*TASK INSTRUCTIONS*
Could you output exactly the lines running from the one containing "King 5 PC Comforter" to the final line of the listing below, leaving out pictures?

*DATASET EXTRACT*
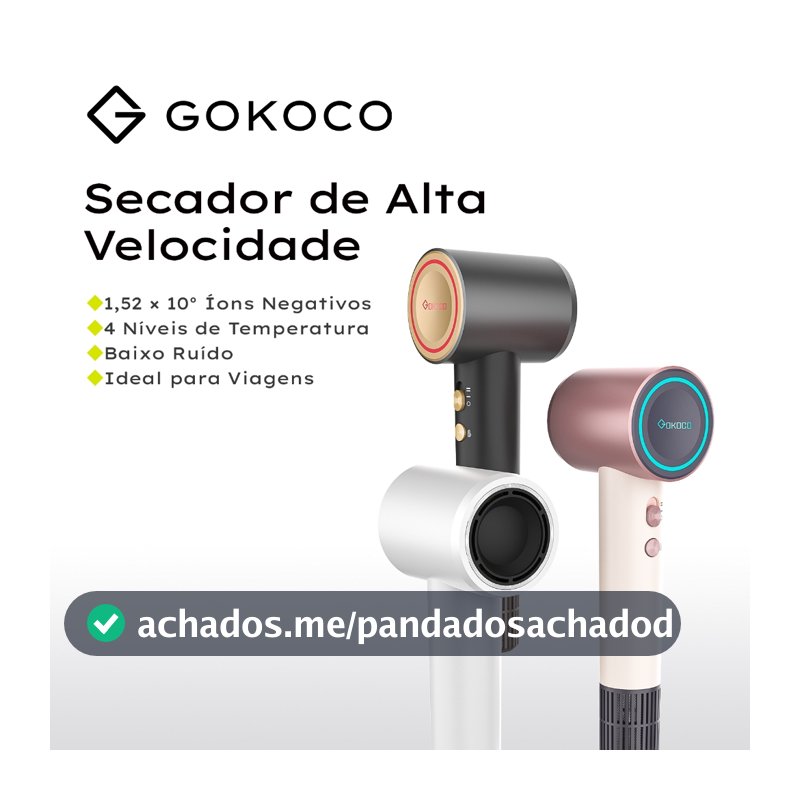 GOKOCO Mini Secador de íons negativos Cabelode Alta Velocidade Secador de Cabelo Portátil Baixo Ruído Secagem rápida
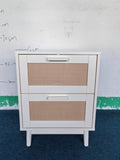 Rattan Nightstand, Wood End Table, Side Table with 2 Faux Rattan-Decorated Drawers, Bedside W808P212701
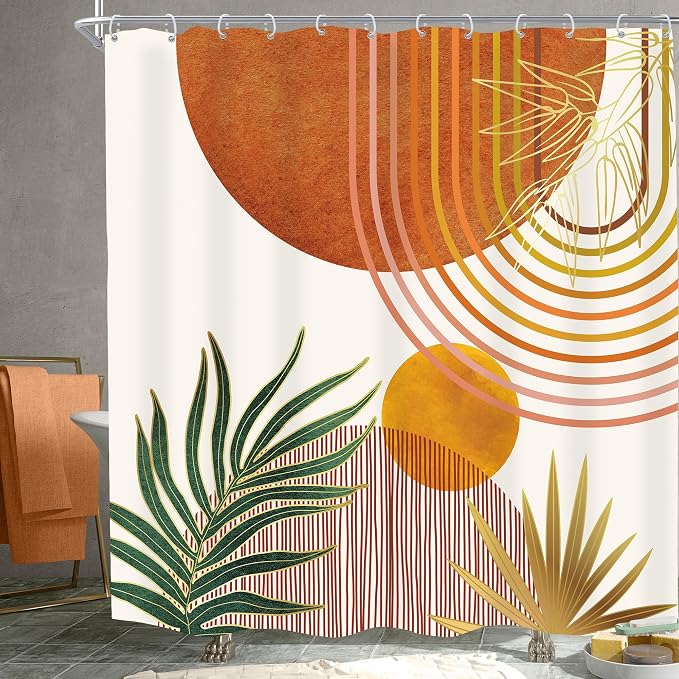 KOMLLEX Mid Century Orange Boho Shower Curtain 72Wx72L Inches Abstract Modern Shower Curtains for Bathroom Decor Plant Botanical Minimalist Arch Sun Fabric Liner Waterproof Polyester 12 Pack Hooks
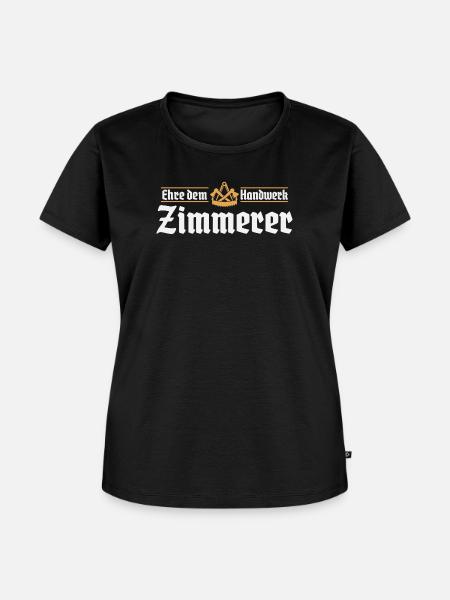 Zimmerer Handwerk Zimmermann Zunftzeichen - Frauen Premium Bio T-Shirt - Schwarz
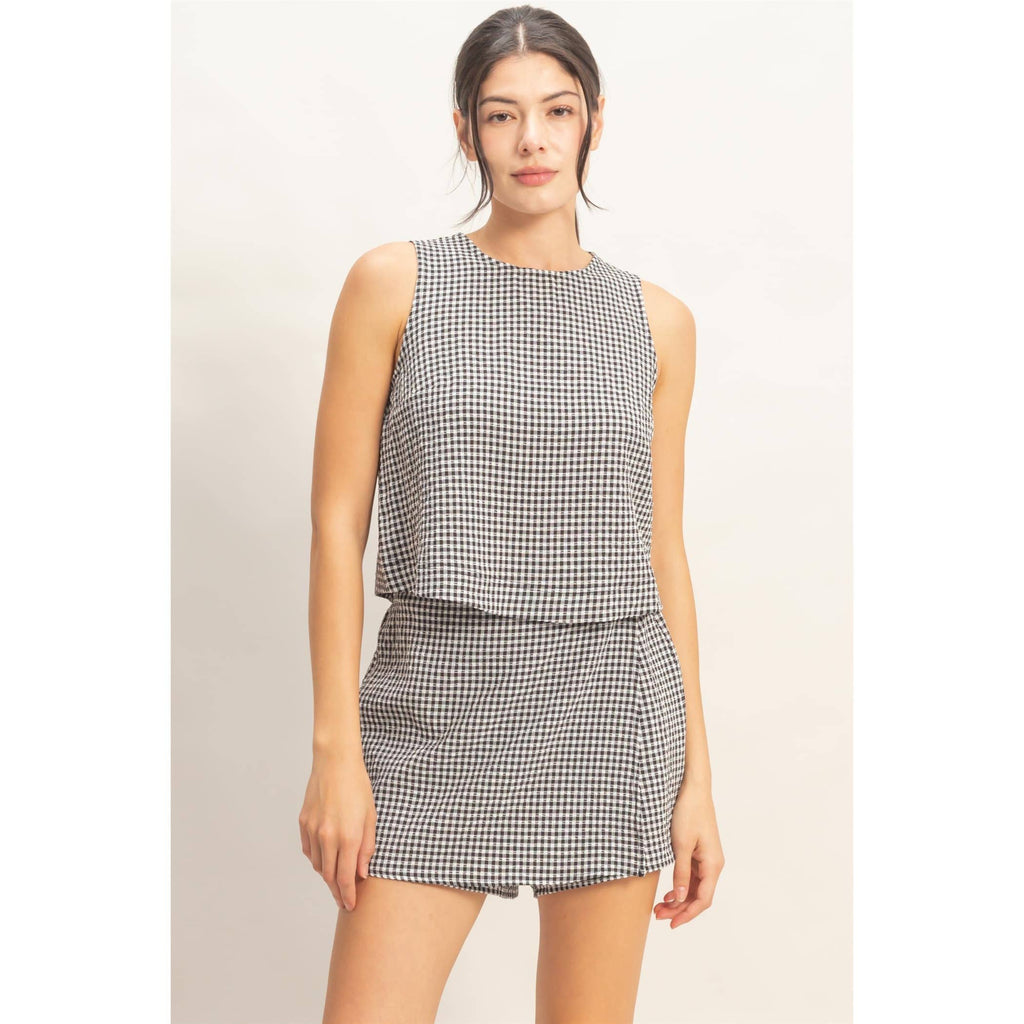Gingham Sleeveless Set (Shorts)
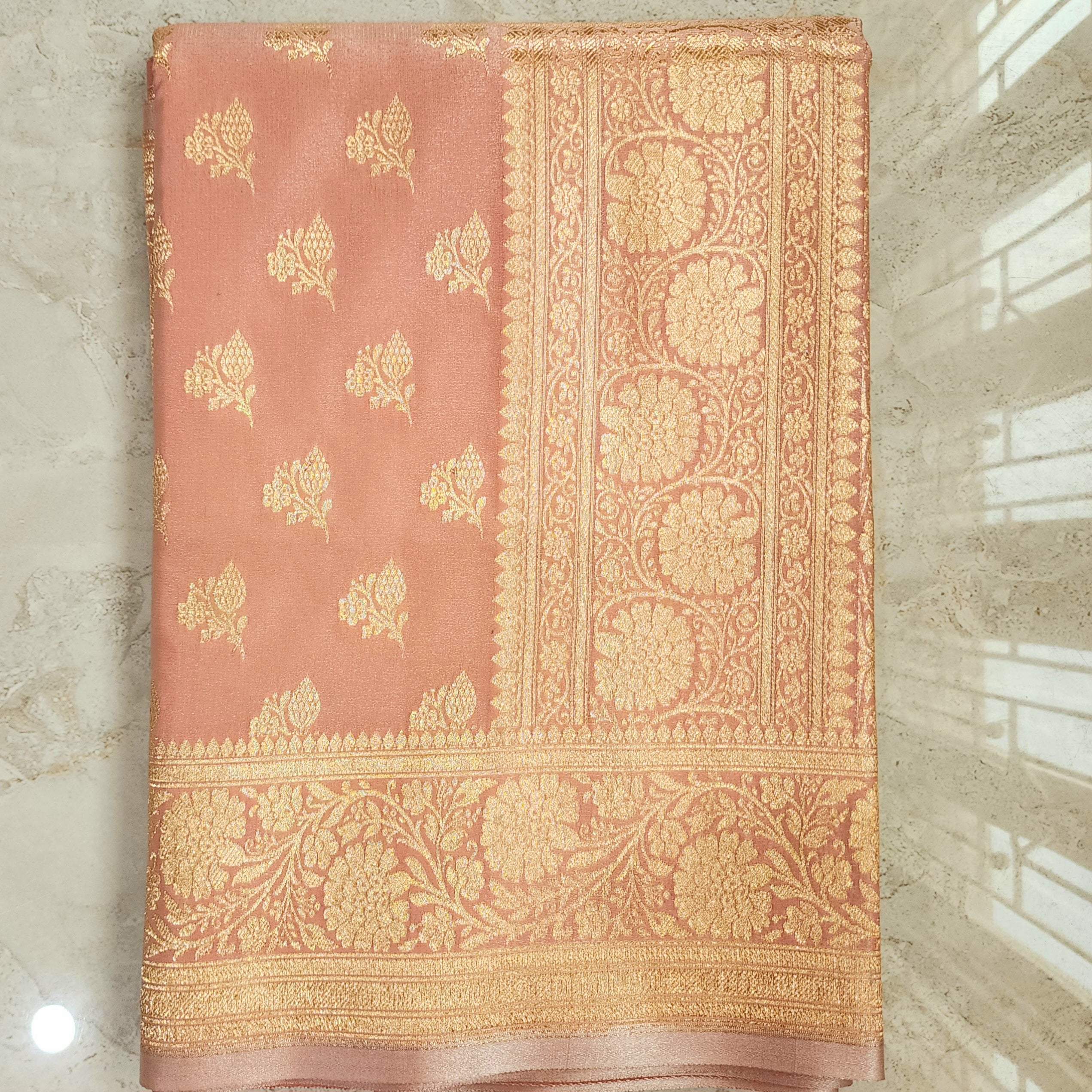 Rich Rose Blush Pink Banarasi Silk Saree with Gold Zari Weaving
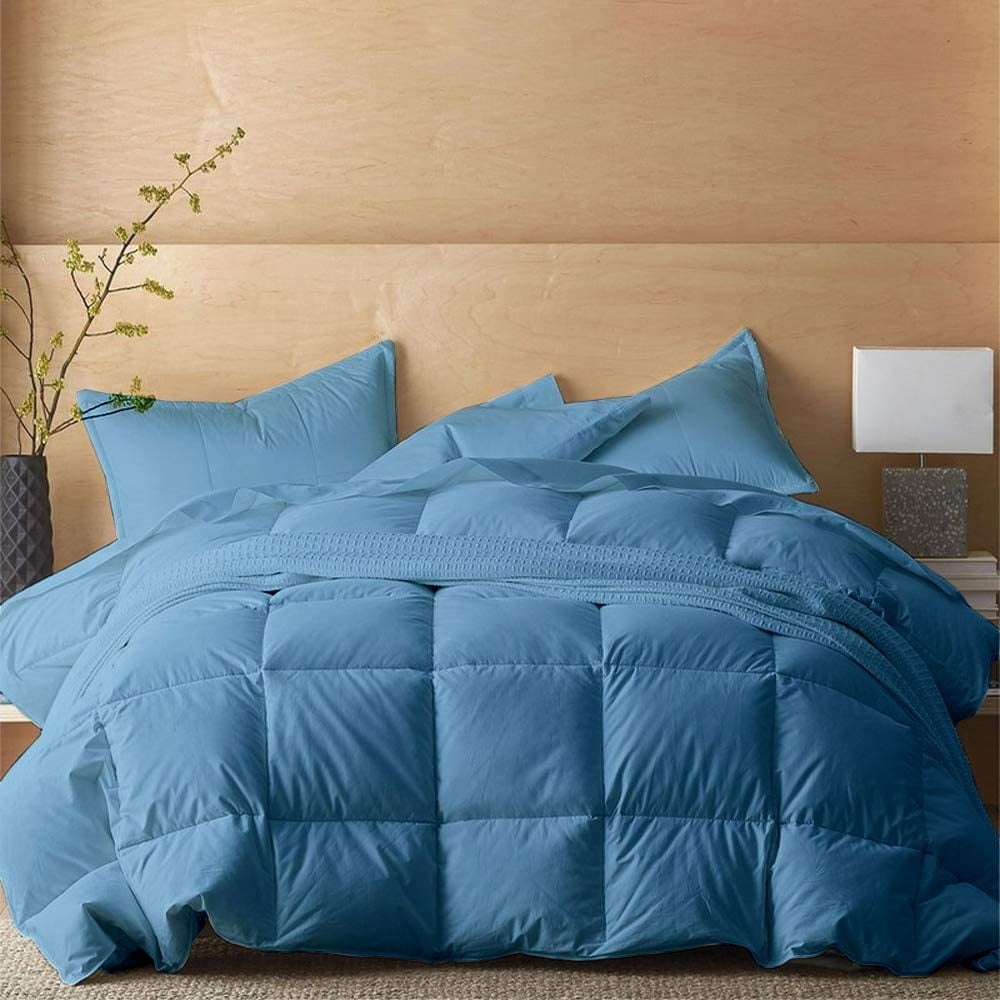 King 5 PC Comforter Set Solid Light Blue Luxurious Collection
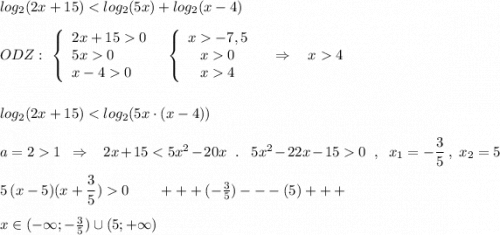 log_2(2x+15)0\\5x0\\x-40\end{array}\right\ \ \left\{\begin{array}{cl}x-7,5\\x0\\x4\end{array}\right\ \ \ \Rightarrow \ \ \ x4\\\\\\log_2(2x+15)1\ \ \Rightarrow \ \ \ 2x+150\ \ ,\ \ x_1=-\dfrac{3}{5}\ ,\ x_2=5\\\\5\, (x-5)(x+\dfrac{3}{5})0\ \ \ \ \ \ +++(-\frac{3}{5})---(5)+++\\\\x\in (-\infty ;-\frac{3}{5})\cup (5;+\infty )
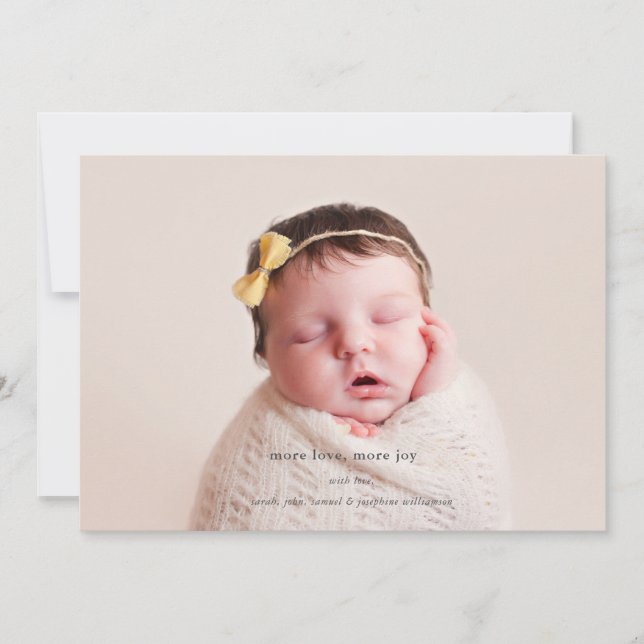 Plus d'amour, plus de joie | Faire-part de naissan (Devant)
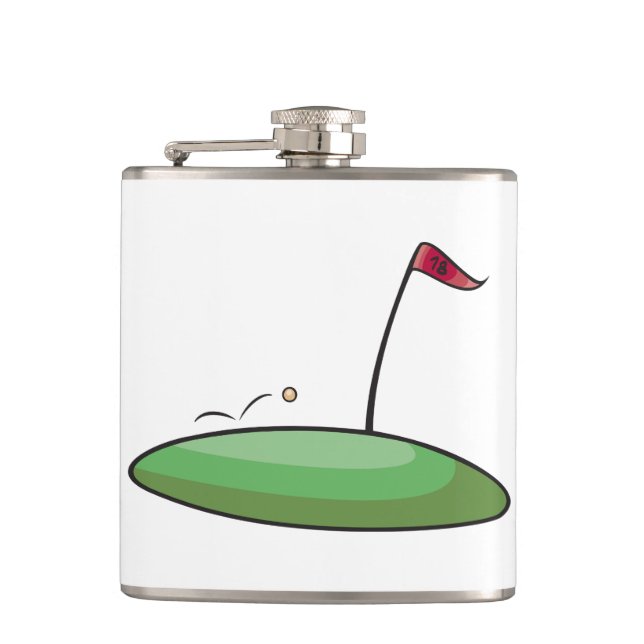 Golf Grün Loch zum Putten mit Flagge 18 Flachmann (Vorderseite)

*RESPONSE TO THE EXERCISE*
 King 5 PC Comforter Set Solid Light Blue Luxurious Collection
 log_2(2x+15)0\\5x0\\x-40\end{array}\right\ \ \left\{\begin{array}{cl}x-7,5\\x0\\x4\end{array}\right\ \ \ \Rightarrow \ \ \ x4\\\\\\log_2(2x+15)1\ \ \Rightarrow \ \ \ 2x+150\ \ ,\ \ x_1=-\dfrac{3}{5}\ ,\ x_2=5\\\\5\, (x-5)(x+\dfrac{3}{5})0\ \ \ \ \ \ +++(-\frac{3}{5})---(5)+++\\\\x\in (-\infty ;-\frac{3}{5})\cup (5;+\infty )
 Plus d'amour, plus de joie | Faire-part de naissan (Devant)
 Golf Grün Loch zum Putten mit Flagge 18 Flachmann (Vorderseite)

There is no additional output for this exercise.